On 15/11/17 22:17, Nicolai Hähnle wrote:
> On 15.11.2017 12:09, Timothy Arceri wrote:
>>
>>
>> On 15/11/17 21:56, Nicolai Hähnle wrote:
>>> On 10.11.2017 04:13, Timothy Arceri wrote:
>>>> ---
>>>>   src/amd/common/ac_nir_to_llvm.c                   | 24 
>>>> ++++++++++++---------
>>>>   src/amd/common/ac_shader_abi.h                    |  7 ++++++
>>>>   src/gallium/drivers/radeonsi/si_shader.c          |  1 +
>>>>   src/gallium/drivers/radeonsi/si_shader_internal.h |  5 +++++
>>>>   src/gallium/drivers/radeonsi/si_shader_nir.c      | 26 
>>>> +++++++++++++++++++++++
>>>>   5 files changed, 53 insertions(+), 10 deletions(-)
>>>>
>>>> diff --git a/src/amd/common/ac_nir_to_llvm.c 
>>>> b/src/amd/common/ac_nir_to_llvm.c
>>>> index 158e954fa8..483dd52b36 100644
>>>> --- a/src/amd/common/ac_nir_to_llvm.c
>>>> +++ b/src/amd/common/ac_nir_to_llvm.c
>>>> @@ -2854,32 +2854,31 @@ load_tes_input(struct nir_to_llvm_context *ctx,
>>>>       buf_addr = LLVMBuildAdd(ctx->builder, buf_addr, comp_offset, "");
>>>>       result = ac_build_buffer_load(&ctx->ac, 
>>>> ctx->hs_ring_tess_offchip, instr->num_components, NULL,
>>>>                         buf_addr, ctx->oc_lds, is_compact ? (4 * 
>>>> const_index) : 0, 1, 0, true, false);
>>>>       result = trim_vector(&ctx->ac, result, instr->num_components);
>>>>       result = LLVMBuildBitCast(ctx->builder, result, 
>>>> get_def_type(ctx->nir, &instr->dest.ssa), "");
>>>>       return result;
>>>>   }
>>>>   static LLVMValueRef
>>>> -load_gs_input(struct nir_to_llvm_context *ctx,
>>>> -          nir_intrinsic_instr *instr)

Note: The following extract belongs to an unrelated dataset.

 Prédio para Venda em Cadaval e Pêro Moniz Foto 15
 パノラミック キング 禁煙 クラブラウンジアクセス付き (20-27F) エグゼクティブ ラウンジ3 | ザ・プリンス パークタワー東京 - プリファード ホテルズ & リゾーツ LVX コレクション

>>>> +load_gs_input(struct ac_shader_abi *abi,
>>>> +          nir_intrinsic_instr *instr,
>>>> +          unsigned vertex_index,
>>>> +          unsigned const_index)
>>>>   {
>>>> -    LLVMValueRef indir_index, vtx_offset;
>>>> -    unsigned const_index;
>>>> +    struct nir_to_llvm_context *ctx = 
>>>> nir_to_llvm_context_from_abi(abi);
>>>> +    LLVMValueRef vtx_offset;
>>>>       LLVMValueRef args[9];
>>>>       unsigned param, vtx_offset_param;
>>>>       LLVMValueRef value[4], result;
>>>> -    unsigned vertex_index;
>>>> -    get_deref_offset(ctx->nir, instr->variables[0],
>>>> -             false, &vertex_index, NULL,
>>>> -             &const_index, &indir_index);
>>>> +
>>>>       vtx_offset_param = vertex_index;
>>>>       assert(vtx_offset_param < 6);
>>>>       vtx_offset = LLVMBuildMul(ctx->builder, 
>>>> ctx->gs_vtx_offset[vtx_offset_param],
>>>>                     LLVMConstInt(ctx->ac.i32, 4, false), "");
>>>>       param = 
>>>> shader_io_get_unique_index(instr->variables[0]->var->data.location);
>>>>       unsigned comp = instr->variables[0]->var->data.location_frac;
>>>>       for (unsigned i = comp; i < instr->num_components + comp; i++) {
>>>>           if (ctx->ac.chip_class >= GFX9) {
>>>> @@ -2966,21 +2965,26 @@ static LLVMValueRef visit_load_var(struct 
>>>> ac_nir_context *ctx,
>>>>       if (instr->dest.ssa.bit_size == 64)
>>>>           ve *= 2;
>>>>       switch (instr->variables[0]->var->data.mode) {
>>>>       case nir_var_shader_in:
>>>>           if (ctx->stage == MESA_SHADER_TESS_CTRL)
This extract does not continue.